→ Provided material
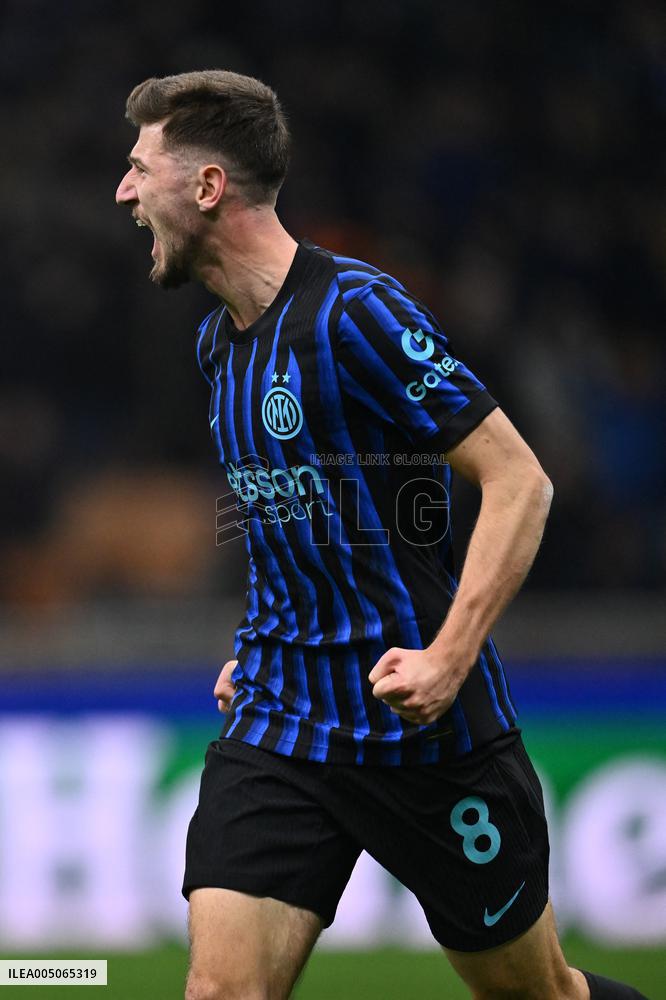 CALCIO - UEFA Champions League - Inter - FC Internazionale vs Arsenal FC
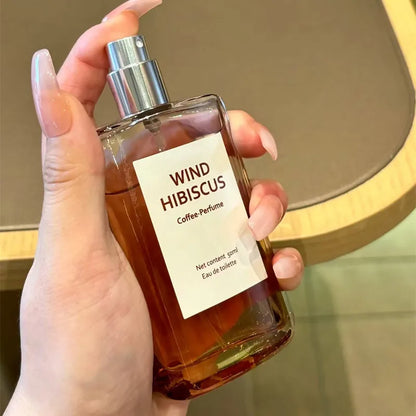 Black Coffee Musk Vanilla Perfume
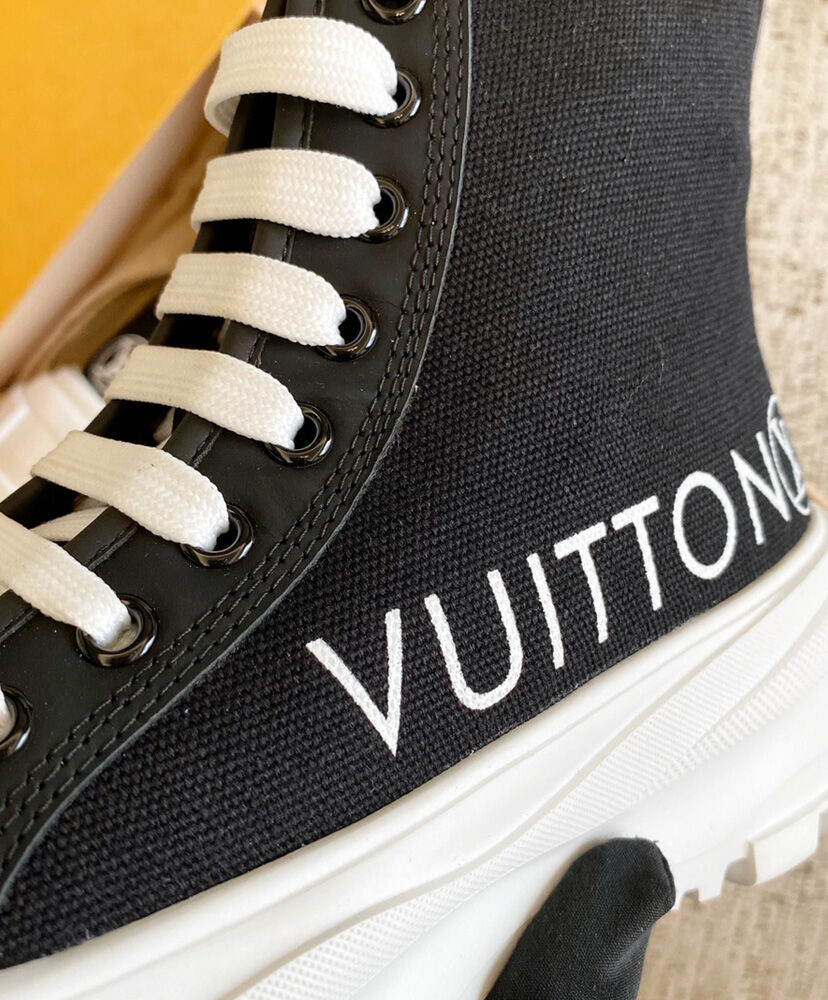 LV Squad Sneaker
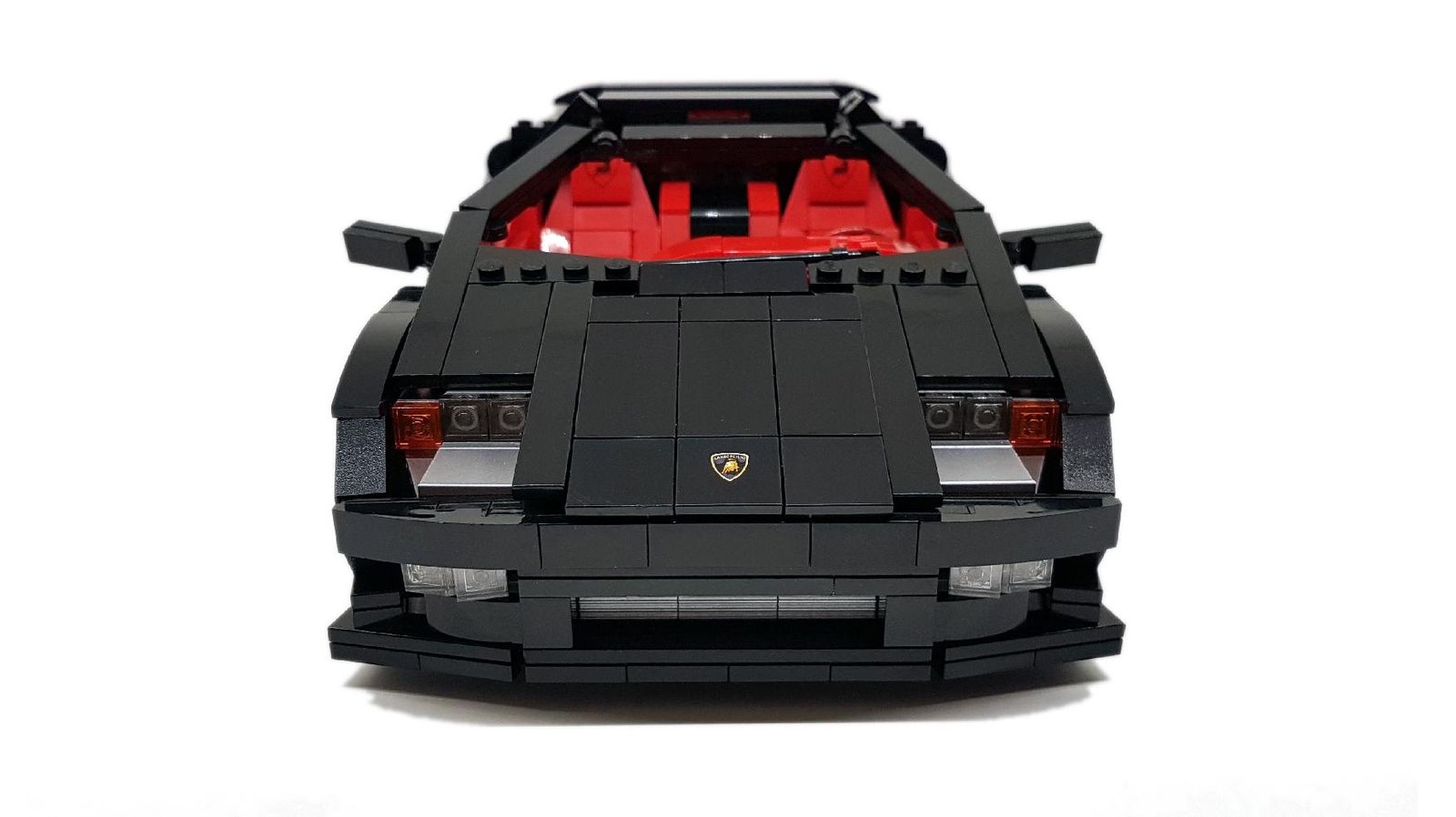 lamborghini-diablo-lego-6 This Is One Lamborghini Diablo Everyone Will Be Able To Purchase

→ How to complete this task
Write out exactly the lines running from the one with "LV Squad Sneaker" through the end of the material, both ends included, while leaving the pictures out.

→ Response
 LV Squad Sneaker
 lamborghini-diablo-lego-6 This Is One Lamborghini Diablo Everyone Will Be Able To Purchase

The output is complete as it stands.